A cotton reel inspires a contraption for Maurice in the event of tha splinter in the paw; a small stick could bne the railing of a veranda on a luxury dog house with pool and heli-pad; while an old rusty key might be just the very key needed to rescue poor old Maurice from a rather gothic and evidently dangerous dungeon prison!
Funny, charming, clever and touching, it's an overlooked masterpiece. It's an American book and I suspect circulation in the UK has always been limited and how I had a copy as a child I have no idea. But I'm jolly glad I did, even though the end result is that I cannot, to this day, bear to throw anything away...
Thursday, 1 April 2010
Before discovering this book I had never heard of "Elizabeth of the German Garden", as the author - in an attempt to hide her identity from her husband - liked to call herself. That name came from her first autobiographical novel, "Elizabeth and her German Garden". It created a sensation and Elizabeth von Arnim (her real name) was soon being described as a contemporary Jane Austen. She didn't just write witty trifles in the "Diary of a Provincial Lady" style, though. Her novel "Vera" is a dark thriller and this - "The Enchanted April" - is an exquisite novel of manners and social dilemmas, with a darker undercurrent of loss and redemption and forgiveness, all set in the giddy 1920s.

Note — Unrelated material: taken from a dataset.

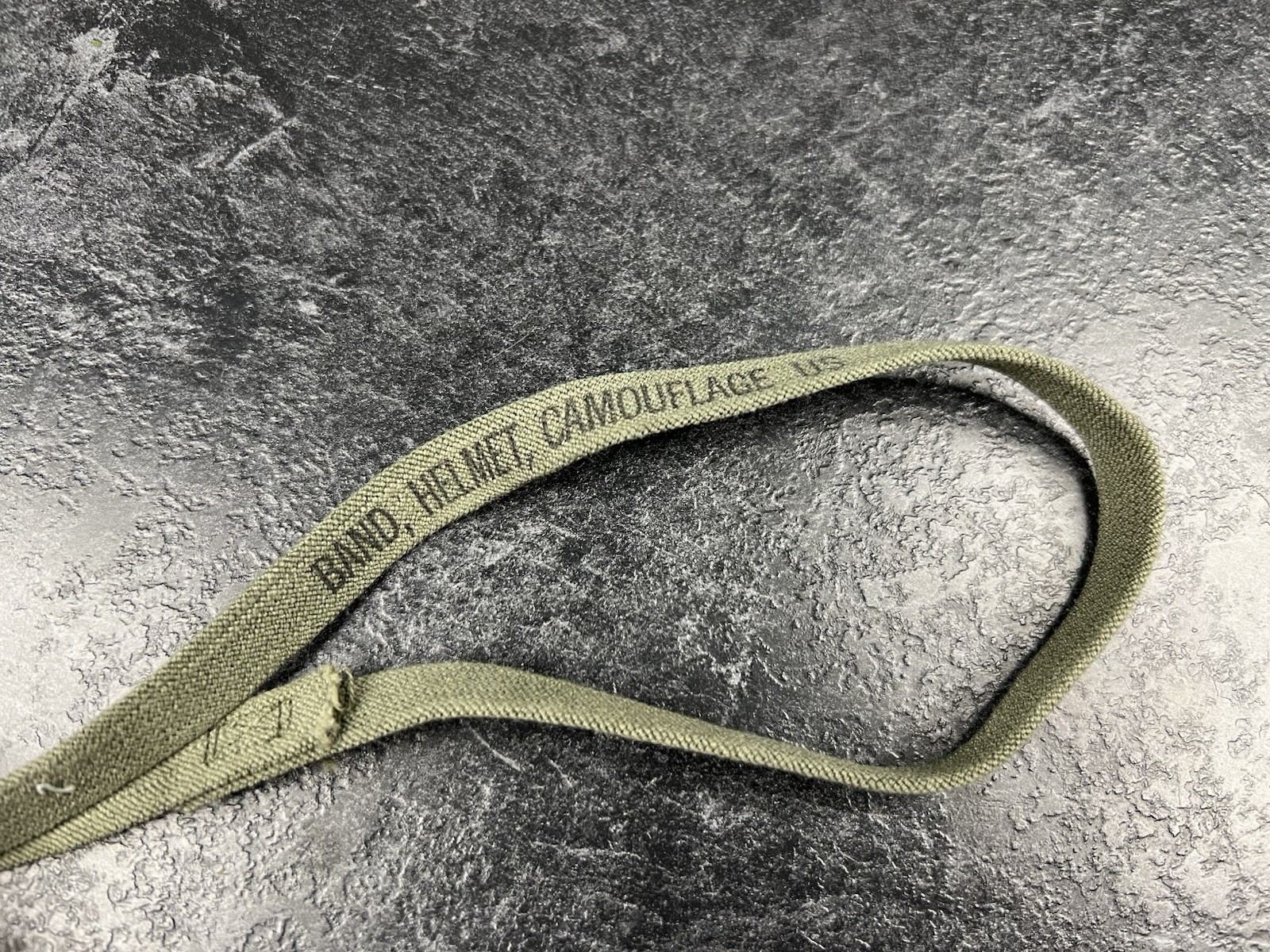 Vietnam War Helmet Band original unissued USGI M1 Camo Cover Band NO CATEYES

Lottie Wilkins is trapped in an unhappy marriage and is clearly depressed. But a chance reading of an advert in The Times at her ladies club transforms her life. The advert reads: "To those who appreciate wisteria and sunshine". The piece offers a small mediaeval castle in Italy for the month of April. It seems an impossible dream, until she meets Rose Arbuthnot, with a face "like a disappointed Madonna" (Whose husband writes scandalous novels about fallen women under a pen name). What if together they take the castle, share the costs, and escape? Two other unhappy, damaged women, one old and sour, the other a young and beautiful socialite, join them.

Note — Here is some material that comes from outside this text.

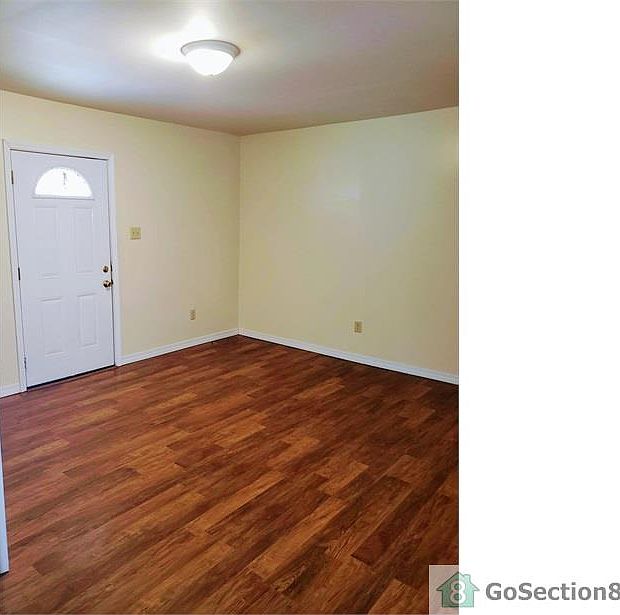 1st image of 857 E Victory Dr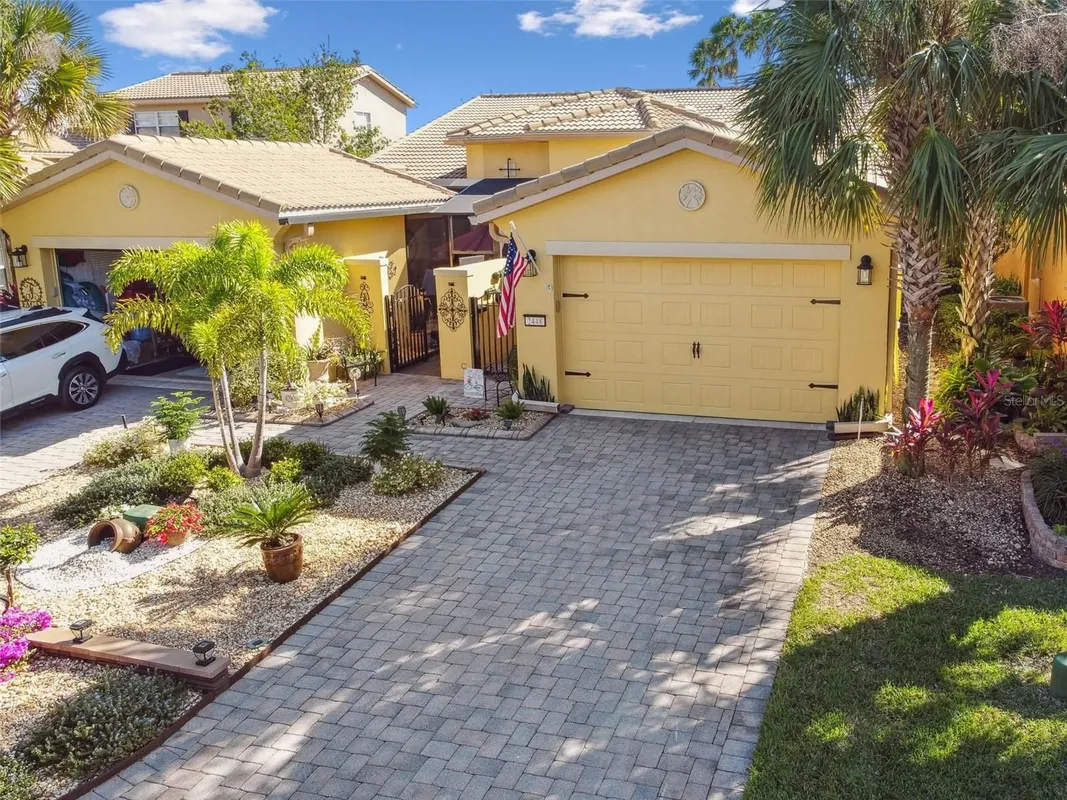 Property Slideshow image 1 of 54 | 2448 palm tree dr, Kissimmee, FL, 34759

Can a place and climate heal their sadnesses? A sentimental thought perhaps but a theme explored with humour and poignancy. More importantly, the book examines the idea that beauty, and escape, can bring an understanding that love cannot be weighed and measured. The experience brings each of them a clarity of thought. Although the this proves cathartic and painful, the overwhelming beauty of San Salvatore transfigures their view of the world. But what about the husbands? Can it redeem them in their eyes as well? Lottie is so overwhelmed with guilt at enjoying herself that she takes the extraordinary step of inviting the very man she has escaped from to join her in Italy. And that's when the fun really starts.
As the old dowager says... in her day, husbands were seen "as the only real obstacle to sin" !

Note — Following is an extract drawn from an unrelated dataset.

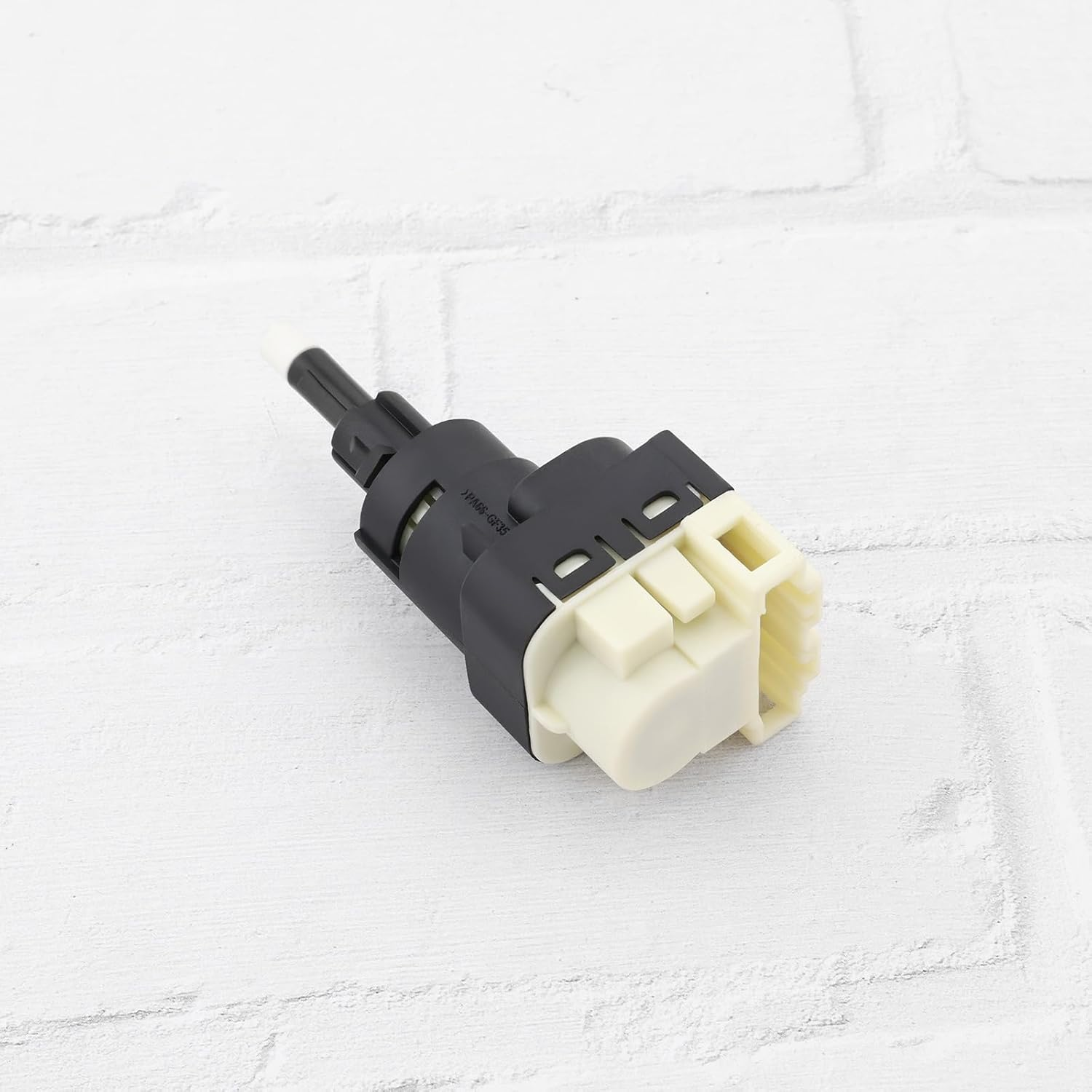 Auto Brake Stop Light Switch Compatible with Audi A4 A6 A8 Compatible with Volkswagen Passat 2003-2005 1K2945511/1K2945511D/1K2945511R Whiteblack image number 6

This first edition of the 1924 novel has a particular significance for me, for one of the first dates I took my wife on was to see a film of the novel, starring Miranda Richardson, Joan Plowright and Josie Lawrence. Shortly after we enjoyed our first holiday with her Italian family, in Tuscany during April. The flower pressed in the book - given as a Valentine gift - is from that holiday. It's a dusty old book I reread every April. With it's memories, pressed flowers, associations and above all it's storytelling, it never fails to enchant.